Friday, March 30, 2007

Hydro boss MacDonald blows smoke

Mr. Dean MacDonald gave a speech to the St. John's Rotary on Thursday, March 29. While it didn't receive the same buzz as the Wescott presentation at NOIA, it was more significant in a numbers of ways.

Over the years I've gone to lots of speeches by chairs of one crown corporation or another and they are generally sedate affairs.

It's worth reminding that these positions are not filled by people who have moved up through the ranks - they are not veterans of the industry. Therefore the chairs of the NL Housing Corporation and the NL Liquor Corporation are not distillers or home builders.

In fact these positions are political appointments who are given the task of ensuring that their organisation fulfills the policy role set out for them by government.

With that in mind, it's worth examining the basic themes of Mr. MacDonald's speech as covered by the local media.

The speech was mainly a spirited defence of the undersea electrical transmission route for Lower Churchill power and a general dismissal of the nay-sayers who question that proposal.

Sometimes called the Anglo-Saxon or Maritime route, this plan would see Lower Churchill power wheeled away from the Quebec border towards the coast of Labrador where it would be transmitted undersea to the island of Newfoundland. From there it would be transmitted down the west coast through another undersea line to New Brunswick.

Mr. MacDonald justifies this position by arguing that although it would add another billion of so to the cost of the project as a whole, that's money well spent because:
"The cost is such a damn good cost to not have to depend on anybody. To maybe pay a little more to build it, but when you sell it, we don't have to pay a toll charge on the way."
The costs to build the infrastructure for this route was estimated in 1968 as roughly $1billion. Accounting for improved technology and increased construction costs, the current price tag has increased to at least $2billion.

This was rejected in the 60's because it made the cost of power uneconomical to the customers.

MacDonald went on to note that there are many locations in the world with subsea transmission of power over longer distances.

At this point it's worth taking a look at a presentation called Subsea Power Transfer - What is the challenge delivered by Svend Rocke of ABB offshore Systems at the Applied Technology Workshop - Technology for for the Next Generation Subsea Systems in Oslo, Norway on February 11th, 2003.

When it comes to the technology and engineering of undersea power transmission systems, ABB offshore Systems are as good as it gets.

In a nutshell, his presentation makes it pretty clear that undersea power transmission is do-able but is the preferred option only when there is no alternative land route available. The reasons for using subsea transmission as a last resort are
  • complexity of the components;
  • increased costs of construction; and
  • difficulty in effecting repairs
In general it's hard to escape the idea that it's not really a good idea to run high voltage power lines near or under salt water unless you really have to.

Are there locations in the world with subsea transmission of power over longer distances than we are talking about for this province? Yes there are.

But in no case are we talking about this much power being transmitted when there was an alternate land route available.

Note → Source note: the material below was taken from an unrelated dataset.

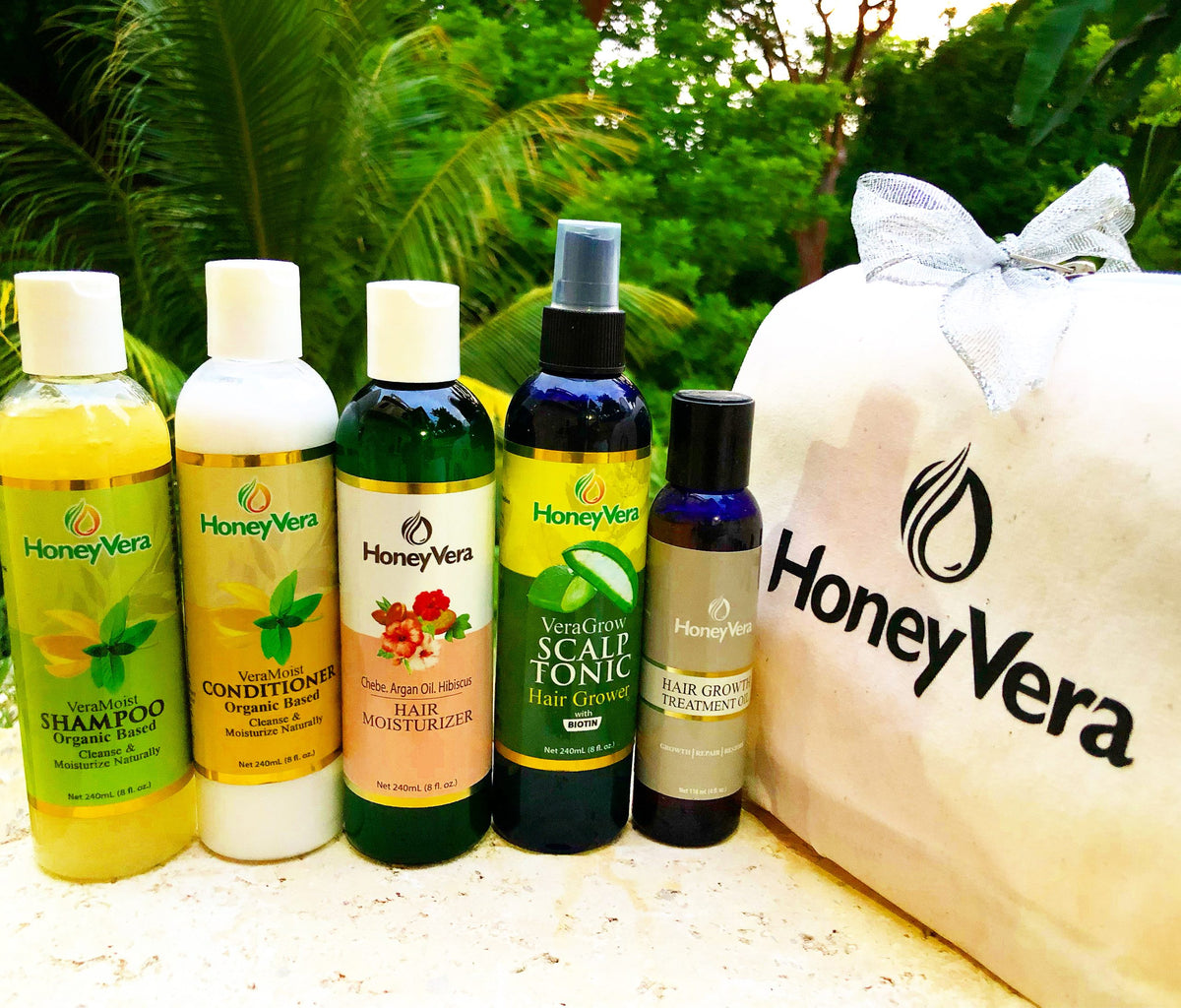 Hair Growth & Moisture Bundle with a clutch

So if undersea transmission is the last resort, why does Mr. MacDonald give it so much profile? The answer, I think, can be found in an interview given by Mr. Cy Abery, former President to NL Hydro in the Independent in May 2006. In that story, it said:
"We always put that out there to make it sound like we had options," Abery says. "But everybody in the business knows that'’s foolishness. It sounds good in the newspaper. Joe Smallwood started that back in the 1960s calling it the Anglo-Saxon route. It was crazy then and it's crazy now."

Abery says any talk of a Maritimes route doesn't fool Hydro Quebec.

"They just smile," he says. "I mean you're in the middle of Labrador. The only border we've got is with Quebec. So you've either got to sell it to Quebec, or go through Quebec. And there's no reason you wouldn't sell it to Quebec. Their money is just as good as anybody else's money as long as you got enough of it."

Abery says Newfoundland could sell the power to another customer, in Ontario say, and simply pay Hydro Quebec to wheel it across its transmission lines. The fee for doing it wouldn't be unreasonable, he notes.
So the story of subsea transmission of power to avoid Quebec seems to be a smoke and mirror ploy before coming to an eventual commercial/political accommodation with Quebec and Hydro Quebec.

That kind of political goal fits in neatly with the rest of his speech which was purely political and had large parts having nothing to do at all with NL Hydro or electrical issues.

It's not often you see the Chair of a crown-owned electrical utility spray as much testosterone in a room as he did tossing out lines like "I'm mad as a Newfoundlander and Labradorian about what's gone on here. There may be a price to pay in the short term, but we have to draw a line in the sand" and "I'm ready for this war."

I can't help but wonder how exciting those Hydro Board meetings really are.

If the subsea transmission path ever does get built, it will be hard to view it as a technological marvel. In reality, it will be an expensive triumph of political spite over the ability to reach a commercial and political accommodation with our neighboring province.

That should be a bitter pill to swallow for an administration of self-styled world class negotiators.